With evolving digital tools, databases now make it easier to track performance, stability, and supplier records for niche chemicals. Each year, peer-reviewed case studies pile up, charting fresh uses or unexpected behaviors under novel conditions. Even outside pharma—like in specialty coatings or fine-tuned polymers—the unique features of this compound continue to fuel creative approaches.
While 2-Bromo-6-Fluorobenzyl Alcohol might not become a household name outside labs and a handful of factories, its relevance grows with each project that leans on speed, reliability, and adaptability. The steady shift toward molecules that pack multiple functions, resist harsh conditions, and streamline supply chains ensures certain intermediates remain in demand. Sourcing, handling, and leveraging the unique traits of this benzyl alcohol is both a technical and practical challenge, but also an opportunity for those aiming to make an impact—whether in the next blockbuster drug, smarter materials, or new modes of synthesis.

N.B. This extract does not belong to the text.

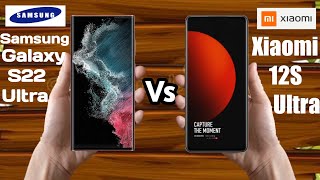 Samsung Galaxy S22 Ultra vs Xiaomi 12S Ultra|| Xiaomi 12S Ultra vs Samsung Galaxy S22 Ultra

Out in the real world, organic synthesis often pivots on small choices, and intermediates like 2-Bromo-6-Fluorobenzyl Alcohol have earned their place through results, not hype. Crafting reliable supply lines, championing safer handling, and refining synthetic routes all add up. In the context of fierce global competition and sharper focus on sustainability, using this intermediate thoughtfully becomes more than just a technical detail. It reflects the practical, everyday expertise that keeps research competitive and science moving forward.